Transportation Stocks as an Indicator of Coming Price InflationE

Ed Yardeni notes that:
The S&P 500 Transportation stock price index is only 5.6% below its record high of last July. The DJIA Transportation index is only 8.0% below its record high. That’s impressive given all the chatter last summer that the economy was growing at “stall speed” and could be heading into a recession.
He also notes that:
The S&P 500 Transportation index has been highly correlated with the CRB industrials spot price index. The former has been tracking the latter very closely since 2007. There has been a bit of divergence since early October of last year when the Transportation index rebounded sharply while the commodity index continued to fall.
I am the first to warn that it is dangerous to make too much of a correlation in the field of economics, where there are no constants, but this doesn't mean we can't look at data to get a rough idea of what might be going on.

As Yardeni notes, the S&P 500 Transportation index also tends to track railcar loadings and truck tonnage. The railroads industry accounts for 44% of the market capitalization of the S&P 500 Transportation index.

Since railroad traffic is about moving commodities, it is not hard to understand that a boost in the Transportation index may be a signal of coming price inflation. More traffic strongly suggests more bidding for commodities.

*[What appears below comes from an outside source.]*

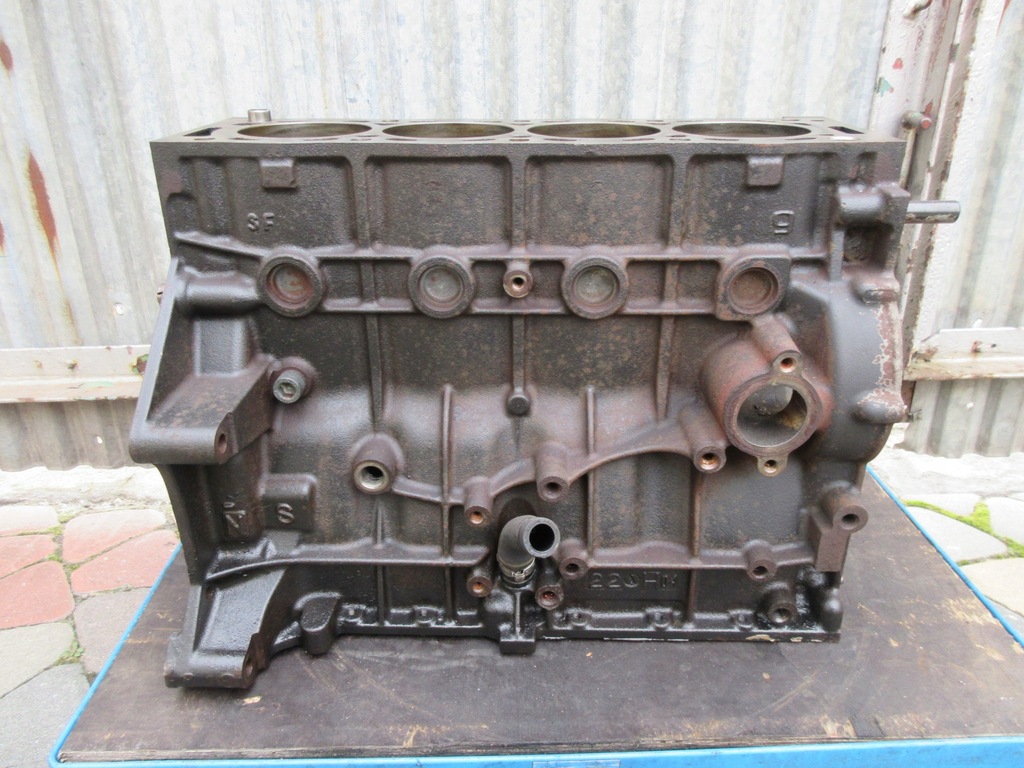 фото №8, Lancia peugeot 807 citroen c8 2.2 jtd hdi tdci блок двигателя 4hw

Railcar loadings remained at a cyclical high during the first week of the new year at the highest pace since the end of 2008. The ATA Trucking Index (which measures tonnage) rose for the third straight month in November, matching its highest reading since January 2011.

Again, there is nothing in this data that says these developments must result in stronger price inflation, but they do suggest that demand for commodities is strong. Something that shouldn't come as a surprise given Bernanke's money printing boost to the economy.